9 Steps to an Optimized Ruby on Rails Monolith Pipeline

stephskardal
Upstart Tech
Published in
12 min readFeb 14, 2022
https://www.upstart.com/

For the last couple of months at Upstart, we’ve invested in optimizing our continuous integration (CI) pipeline for our monolith codebase. The awesome cross team effort has included infra folks, platform folks, and software engineers. While we have a number of growing microservices, a large part of our work is in the monolith every day. In this post, I’ll break down the efforts we made to optimize our pipeline and improve our development life cycle.

Background

First, a background: Our monolithic app runs on Ruby on Rails and our CI/CD pipeline runs on Jenkins. Prior to this concerted effort, our CI process took more than 50 minutes to run, triggered immediately by a push to GitHub and concluding at test output report generation. We also send real time failures to Slack. The build runs continuously to ensure stability and reliability as work from many software engineers merges into one monolithic codebase.

A simplified depiction of our Upstart monolith Jenkins pipeline.

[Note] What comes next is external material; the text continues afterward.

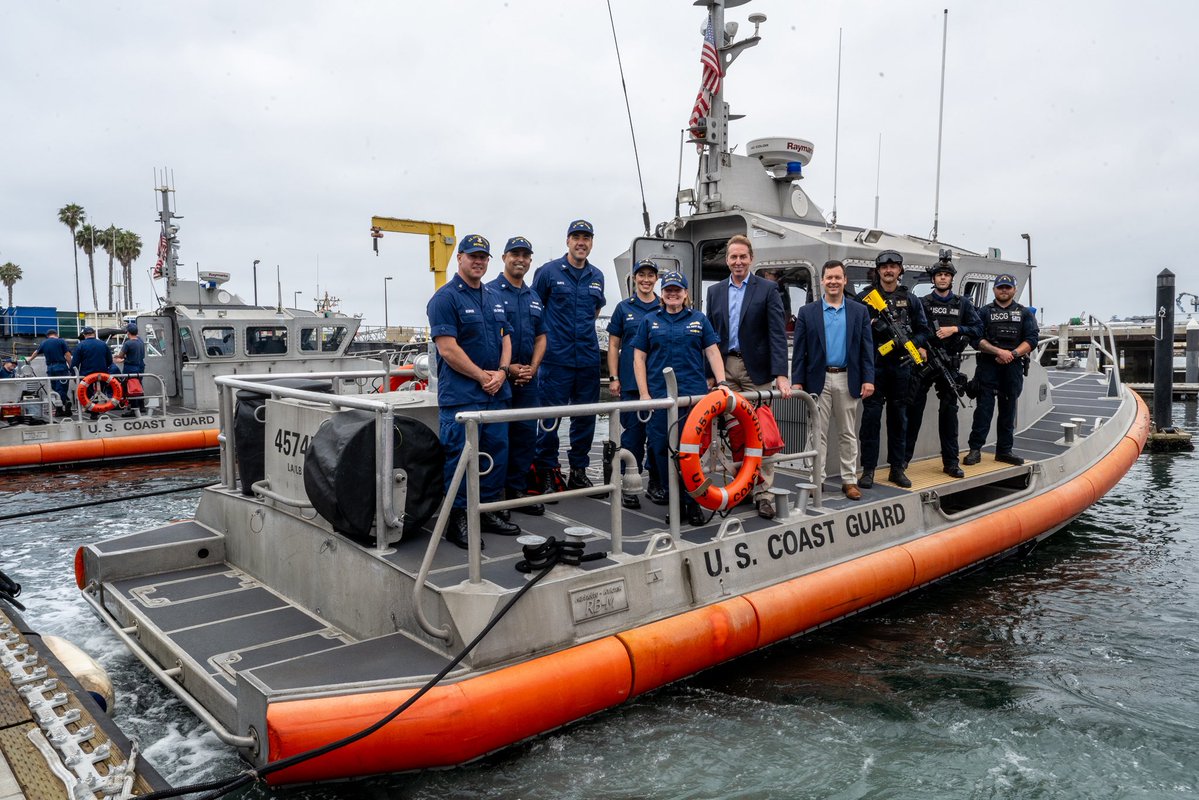 We were honored to welcome @DepSec_Edgar to #USCG Base LA-LB recently!⚓️ 🇺🇸

With the bold new blueprint that is Force Design 2028, we will continue to help build an even stronger, more capable, and more agile Fleet. https://t.co/9nPam9FPZO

Our 50 minute pipeline includes the following:

  • Regenerating dependencies
  • Building a production image in preparation for a deploy
  • Compliance and vulnerability checks
  • Running over 30,000 automated tests (ranging from unit tests to multi-page end-to-end flow tests, via RSpec and Cucumber)
  • Generating aggregated coverage data
  • Reporting coverage and test results

Let’s be real here — while we have a monolithic code base which represents years of complex business logic covered by automated tests, 50 minutes is too long!

While some engineers are successful at context switching between builds, the long build time creates a very long feedback loop, which prohibits iterating quickly. In the event where we wanted to roll forward hotfix a low-impact bug, the build wait time was equal to that of a decent size lunch break. Our ability to exercise continuous deployment has been limited in this 50 minute CI-build world.

Optimization: The 9 Step Journey

On to the nitty gritty details! In this post, I’ll share 9 steps we took to optimize our CI build time to get us from 50 minutes to less than 20 minutes.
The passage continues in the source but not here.